The game's other characters are generally interesting, displaying a clear personality and not-so-clear motives. Among those you deal with regularly, there's your stressed boss who only wants results and has no time for coddling recruits, his kindly secretary Ruth, and the snooty museum curator who goes from being helpful one moment to clamming up the next. Talking to people consists of simply clicking through all available dialogue choices, though you sometimes need to click on the characters again to make sure that all topics are truly exhausted.
The rest of the game is also controlled using a simple point-and-click interface, with the cursor changing to the appropriate action over a hotspot (interact, talk, travel and so on), a left-click performing the action and a right-click looking at the object. There is also a handy hints icon which highlights all the available hotspots in a room. Double-clicking an interaction even makes Nicole run to perform it, a nice feature sadly lacking in a lot of adventures. Nicole also has a PDA that acts as a notepad for important details, a cell phone, and a camera. The phone is used quite often to contact your coworkers and suspects, but the camera only gets used once or twice overall and feels like an underused utility.

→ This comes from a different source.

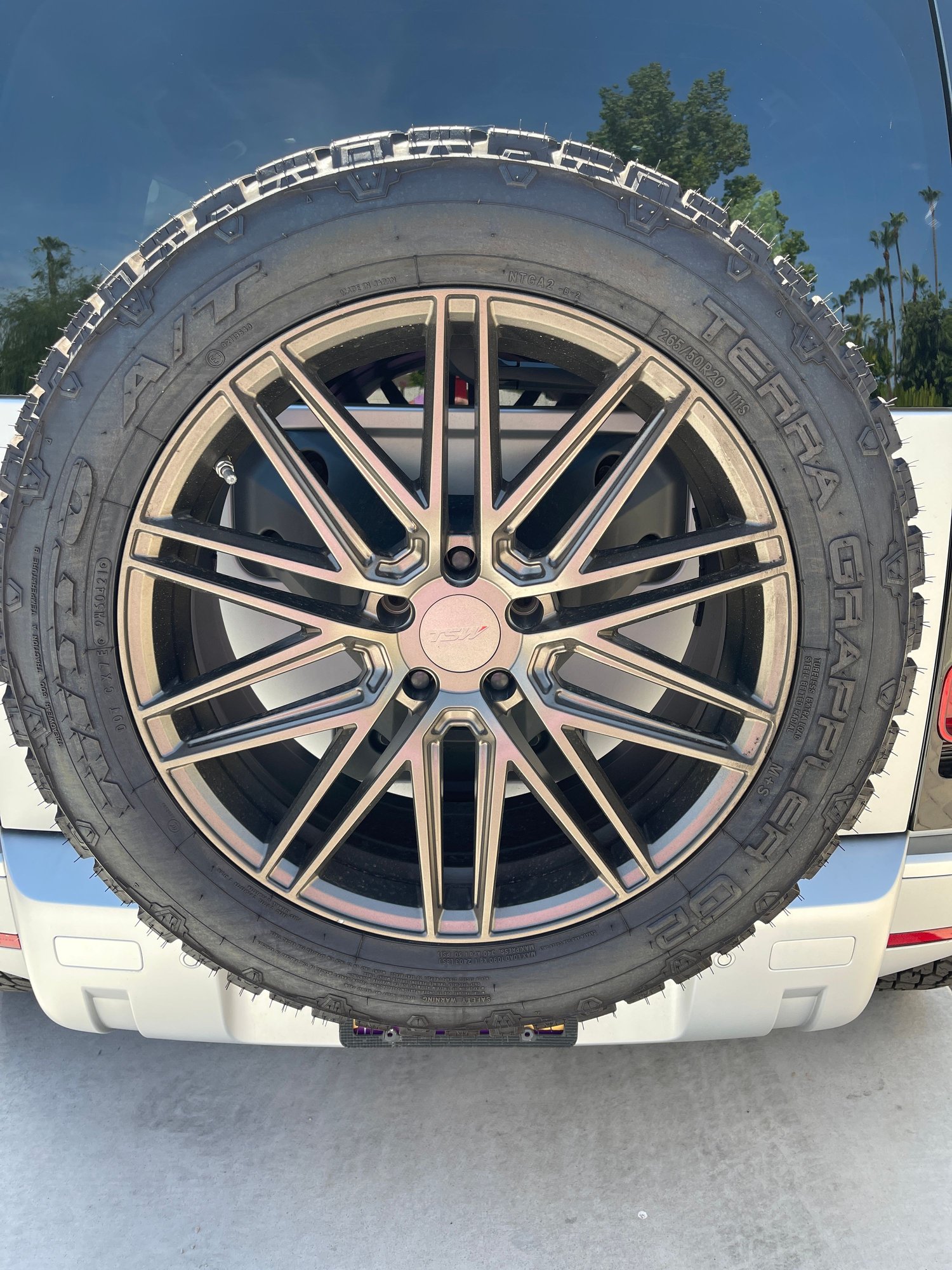 2021 Land Rover Defender - 2021 Land Rover Defender - Used - VIN SALEP7RU4M2049138 - 3,379 Miles - 6 cyl - 4WD - Automatic - SUV - Silver - Scottsdale, AZ 85254, United States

Puzzles in Art of Murder are mostly fairly straightforward inventory puzzles. They're rarely difficult, and mostly make sense if occasionally contrived. At some points you need to use some scanning equipment with pieces of evidence to get further leads, but this doesn't really involve anything more than combining inventory objects with hotspots as usual. There is the occasional standalone logic puzzle, and a few more that require more trial-and-error than logic to solve. For most of the game it's impossible to die, but at one stage at least you almost certainly will. Reflexes are not required, however, as this involves a turn-based minigame where if you make a mistake one time too many, it's game over. It takes a few errors to reach this point, and the game autosaves right before the scene anyway, so you're not likely to be hung up for long.
In fact, you won't be stuck anywhere for too long. Art of Murder isn't a difficult game by any means, as most scenes only have a few hotspots, which limits the number of possible options. The game is also divided into smallish sections and is incredibly linear, with Nicole needing to get everything done in one area before she can continue her investigation in another. While some might consider this feature limiting, it removes the possibility of 'walking deads' and the need for excessive backtracking. I appreciate this streamlining, because I'm not fond of going back and forth between locations trying to figure out what to do next. Knowing that when I'm done in one area I won't need to come back (at least not until necessary later) is far preferable. Plus, as you leave a location, the inventory items you'll no longer need are also scrapped, which leads to less of the random combining of objects that some games inspire.
All told, the game took me about 10-12 hours to finish, with very little time spent stuck on any puzzle. For the most part, I enjoyed my time with Art of Murder: FBI Confidential. Although the game rarely excels at any particular aspect, and the loose characterisation lets it down, the presentation and story are solid enough to atone for any rough edges, and will keep you guessing until the end. It doesn't offer much that we haven't seen before, but if you're a fan of the detective mysteries, it's certainly worth investigating a little more closely.
Fans of crime fiction should find Art of Murder a solid serial murder mystery, though it won't exactly knock 'em dead.